◆ Exercise description ◆
Write out the listing exactly, dropping any picture it contains.

◆ Records for this exercise ◆
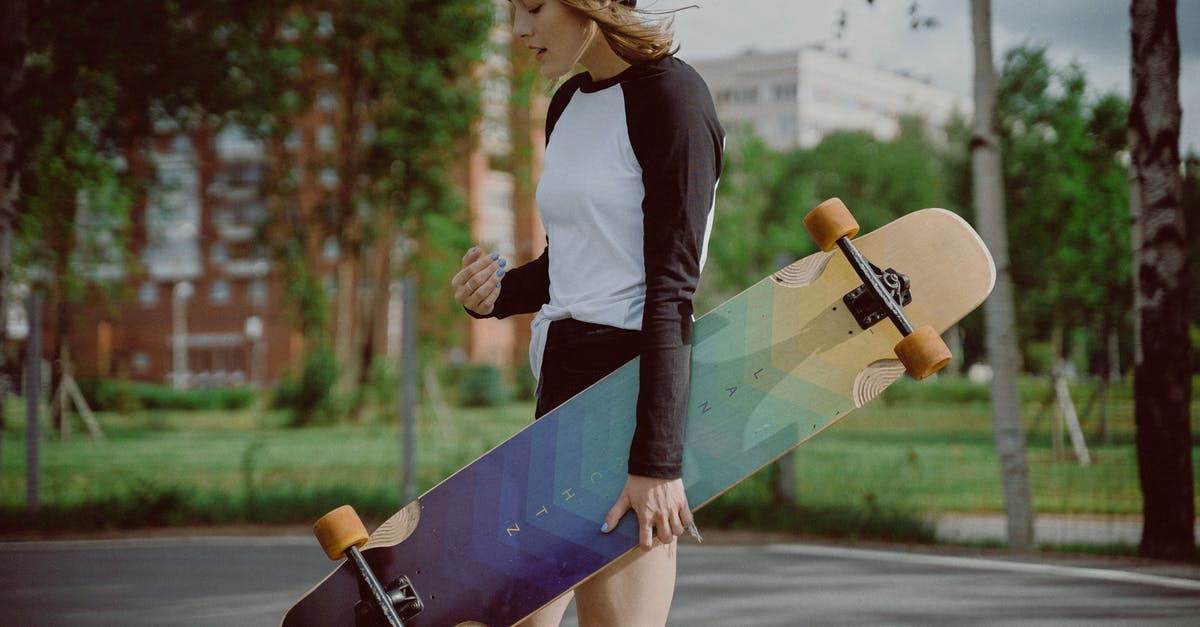 Carrying a longboard on a Germanwings-Eurowings flight - Selective Focus Photo of a Woman Carrying a Longboard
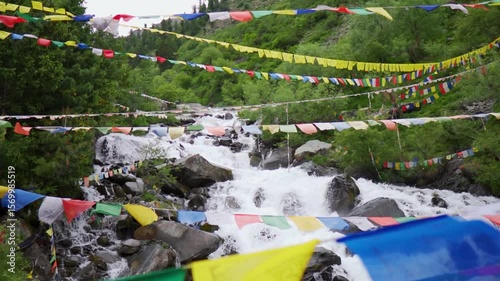 Slow motion shot of a water stream in the Himalayan mountains with prayer flags waving above it as seen near Triloknath village in Pattan valley, Himachal Pradesh, India. Scenic view of waterfall.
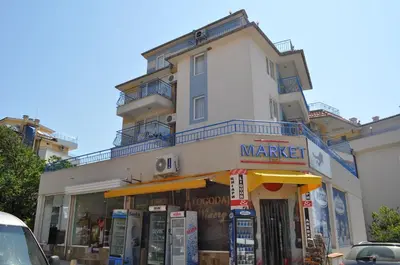 a store in front of a building with a market at Апартамент Одеса 22 in Sozopol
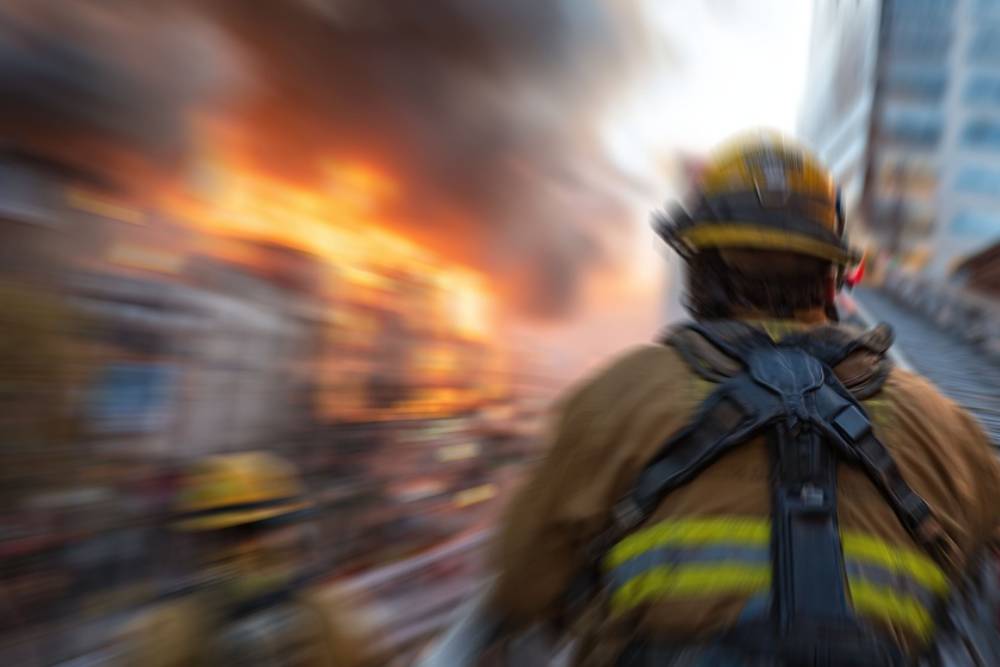 A firefighter in full gear, seen from behind, moves towards a raging inferno engulfing a building.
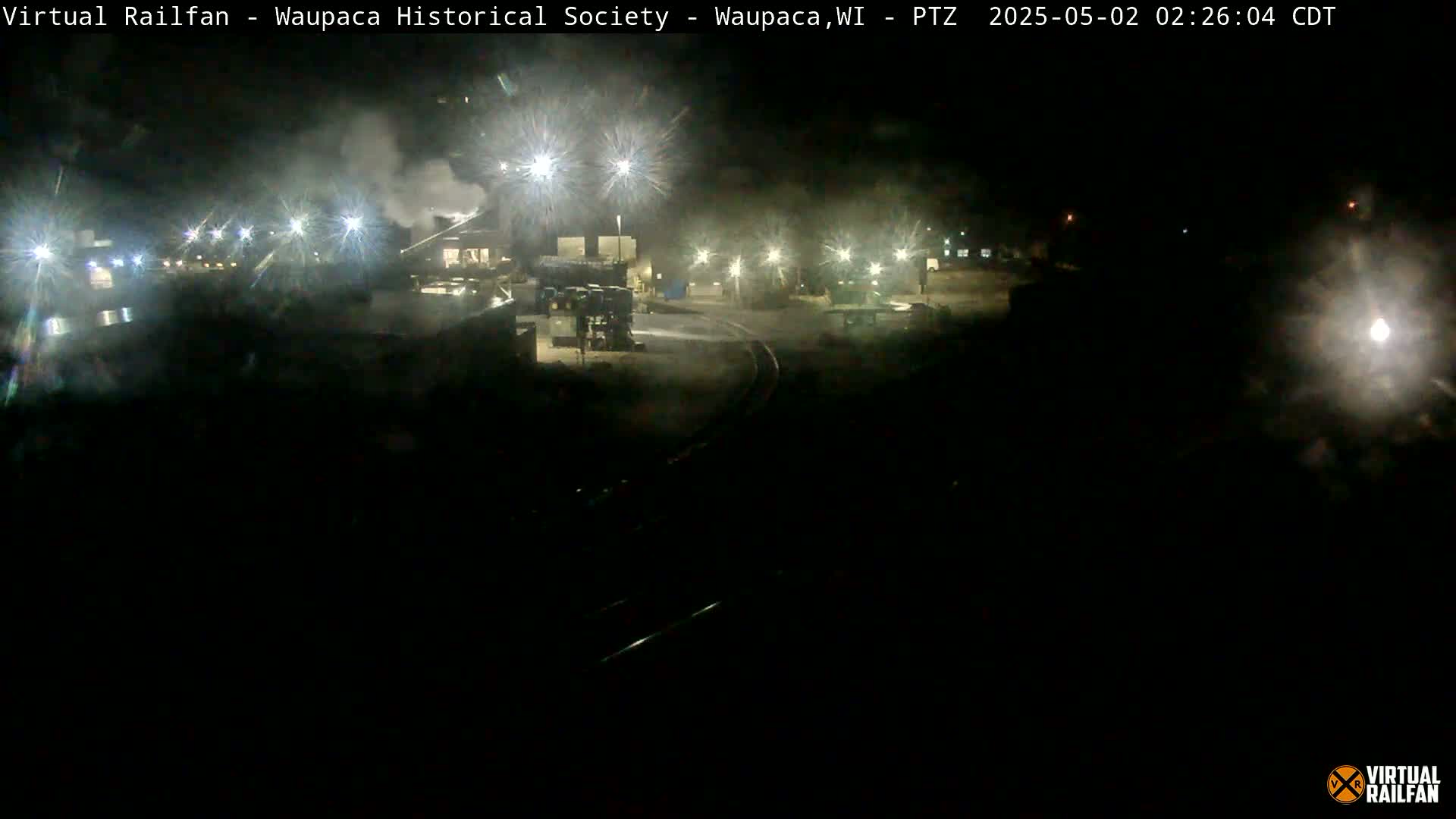 A nighttime, dimly lit industrial area is shown, featuring buildings, lights, and what appears to be a rail line.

◆ Written answer ◆
 Carrying a longboard on a Germanwings-Eurowings flight - Selective Focus Photo of a Woman Carrying a Longboard
 Slow motion shot of a water stream in the Himalayan mountains with prayer flags waving above it as seen near Triloknath village in Pattan valley, Himachal Pradesh, India. Scenic view of waterfall.
 a store in front of a building with a market at Апартамент Одеса 22 in Sozopol
 A firefighter in full gear, seen from behind, moves towards a raging inferno engulfing a building.
 A nighttime, dimly lit industrial area is shown, featuring buildings, lights, and what appears to be a rail line.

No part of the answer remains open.